Malcolm Gladwell: Entertaining and Insightful

Sometimes truth is stranger than fiction.

Certainly that is the case time and time again in Malcolm Gladwell’s invariably entertaining books. Looking at the world through Gladwellian glasses means homing in on details people don’t often think about. It means asking big and small questions to get at the truth of the matter. It means reconsidering established truths.

One of my favorite examples of Gladwell’s analysis comes from his third book, Outliers. Gladwell presents us with the list of the 75 richest people in the history of the world. This is a list historians have put together and includes everyone from the Pharaohs of ancient Egypt to Bill Gates. Of that list, Gladwell notes, 14 were born in a nine-year span in the 19th-century America. Here Gladwell asks a small question with a big answer. Why is that? Why are nearly 20% of the people on that list so close in age and from the same country?

The answer is opportunity. John D. Rockefeller (Titan: The Life of John D. Rockefeller), J.P. Morgan, Marshall Field, Fredrick Weyerhaeuser, and nine others were all born between the years 1831 and 1840. Because of the economics of the Civil War and postwar periods followed by the boom of the expanding railways and advent of Wall Street, these 14 were perfectly poised to reshape America and her economy. Those born a decade before were too old, stodgy, and set in their ways. Those born a decade later hadn’t come into their own yet. It always makes me wonder what the next auspicious generation will be.

Of course Gladwell doesn’t lead us to believe success is all about luck. In the same chapter that deals with the above subject he defines the now-famous 10,000-hour rule. This is the amount of time Gladwell believes it takes go from amateur to master. It is also the secret to Bill Gates’s as well as The Beatles’ prosperity. Because Bill Gates had access to a computer and began programming when he was 13 years old at the University of Washington—at a time when this was still unusual—he quickly rose to master computer programming. This sets him aside from many other highly intelligent, ambitious people of his generation who did not become multibillionaires. The Beatles played more than 1,200 shows in Hamburg between 1960 and 1964. There, they developed the skills necessary to become one of the world’s all-time greatest bands at such a young age. Gladwell points out that it takes only 20 hours a week for 10 years to achieve mastery level. In theory, anyone can do it. Gladwell admits that he himself spent about 10,000 hours writing for The American Spectator and then The Washington Post before becoming a master of his craft.

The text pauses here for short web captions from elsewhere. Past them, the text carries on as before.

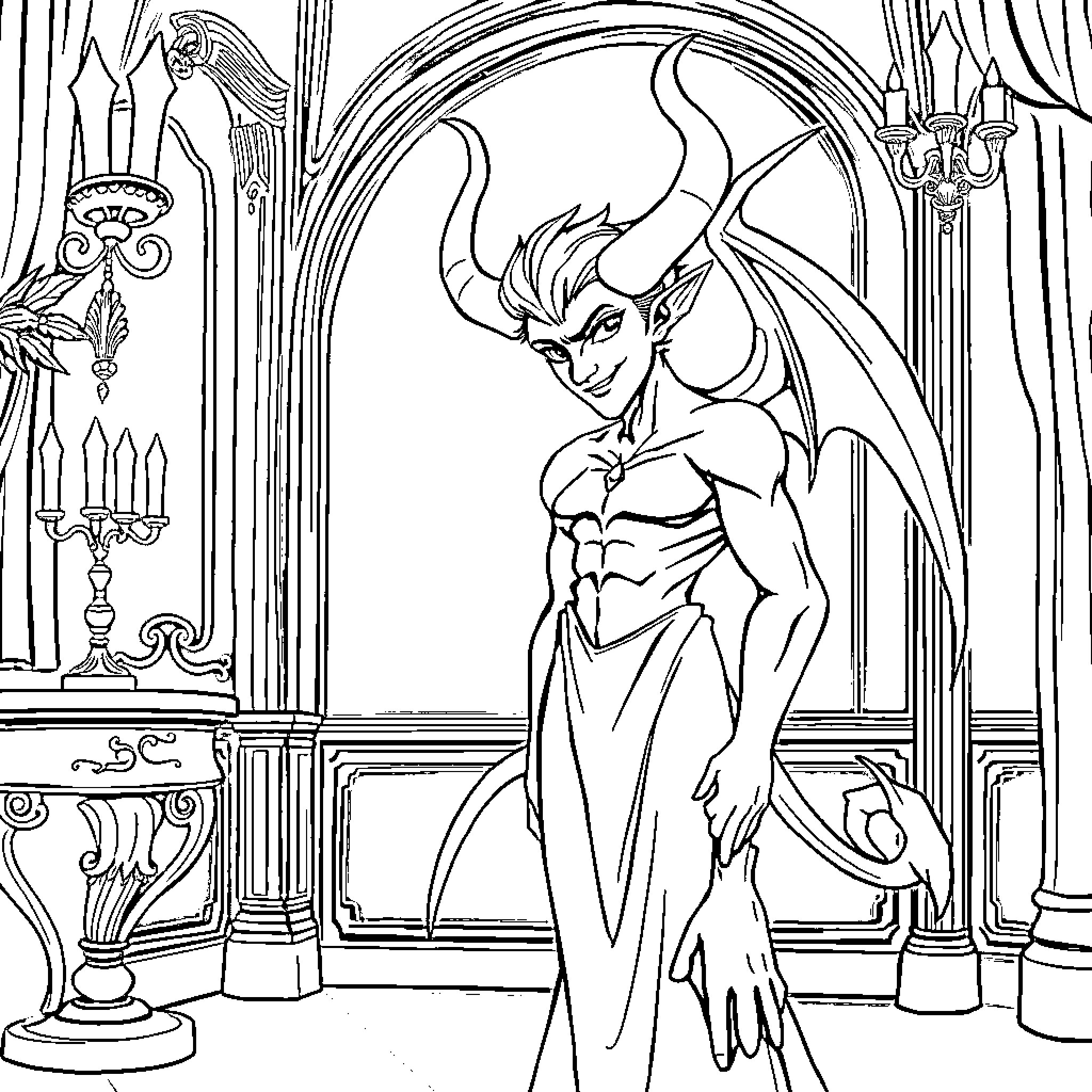 Lucifer's Regal Presence in the Ethereal Realm Coloring Page (free black-and-white line drawing printable PDF for all, from beginners to advanced learners, including children, teens, adults, and seniors)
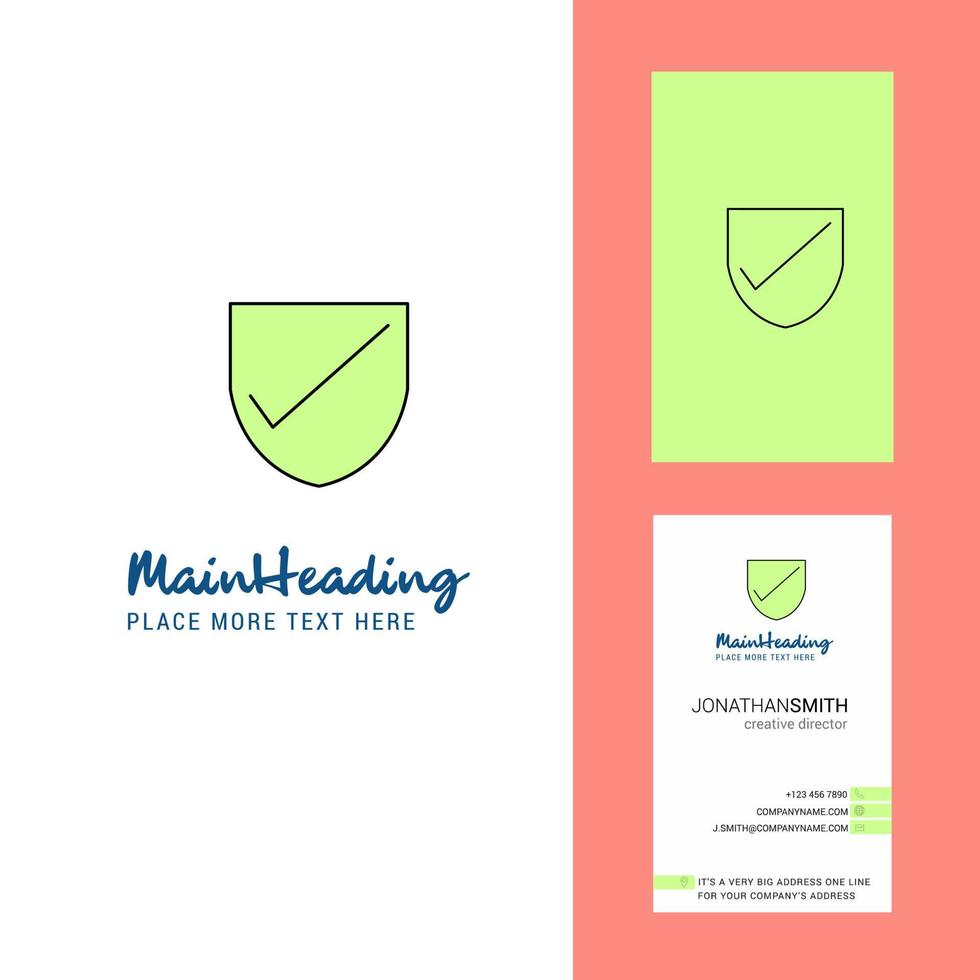 Sheild Creative Logo and business card vertical Design Vector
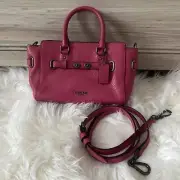 NWT Coach Mini Blake Carryall Pebble Leather Crossbody Magenta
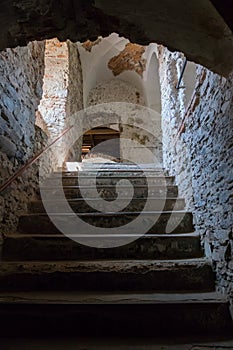 Dilapidated steps in an ancient stone building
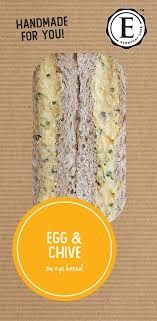 12x170gm EDC EGG CHIVES ON RYE SANDWICH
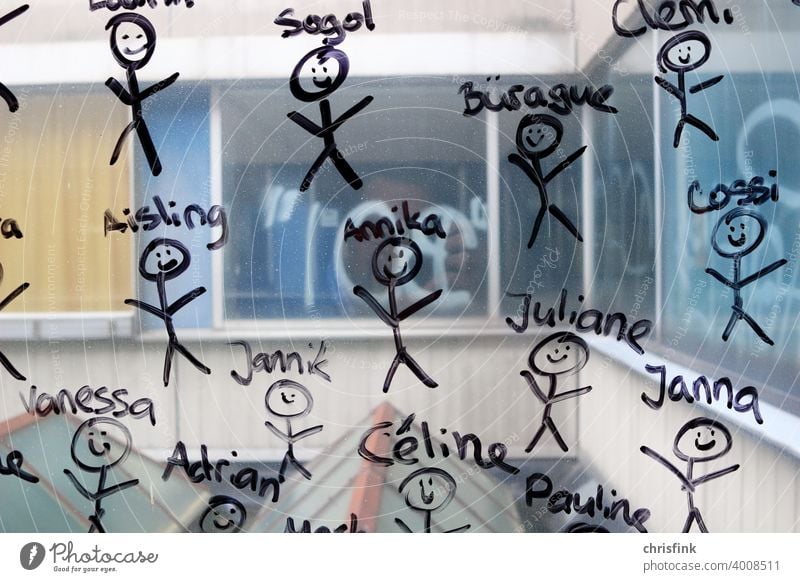 stick figure on window pane kita children Student Youth (Young adults) Infancy Schoolchild Study portrait Education Know Sociology Psychology Poverty Luxury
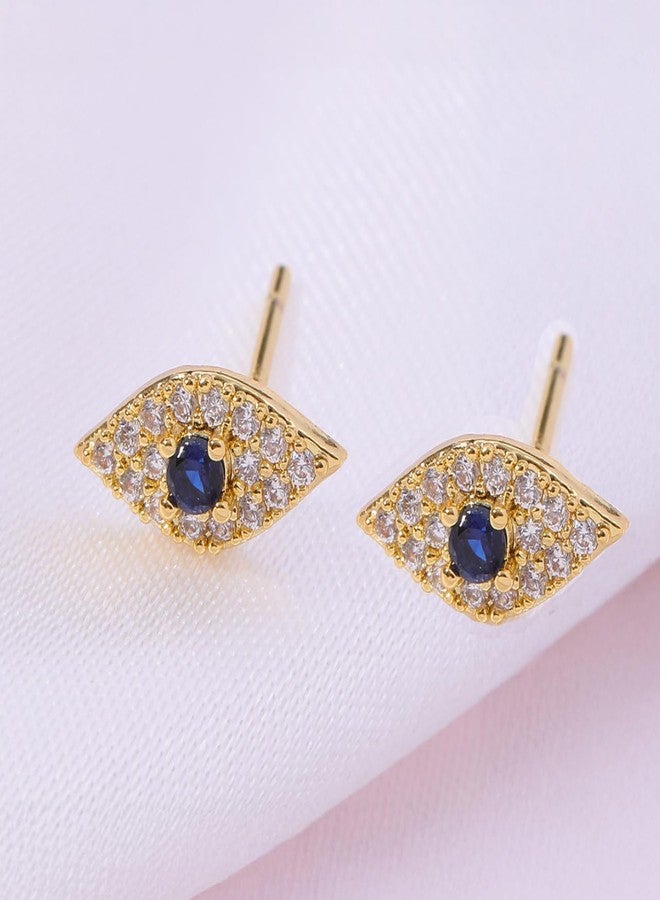 Aaishwarya 18K Gold Plated Waterproof, Anti-Tarnish Evil Eye Zircon Studs| Earrings for Women and Girls | Evileye Jewelry | Stylish Minimal Stud - Image 5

Gladwell was most recently obsessed with the old story of David and Goliath. This is the eponymous story in his latest book. In classic form, he reconsidered the two famous opponents, digging into the details of the tale. Through his critical approach, Gladwell discovered that David was not the underdog at all—Goliath was. David was fast, nimble, and well practiced with the sling, as he used it to defend his herd against predators. Goliath on the other hand was weighed down by his arm, and specifics of the story indicate that he had trouble seeing. Goliath expected David to come to him in hand-to-hand combat, but that was never David’s intention. It goes to show that life, and the stories we tell, are not always what we think they are. Gladwell fills his book with other such insights, sometimes turning what we think on its head.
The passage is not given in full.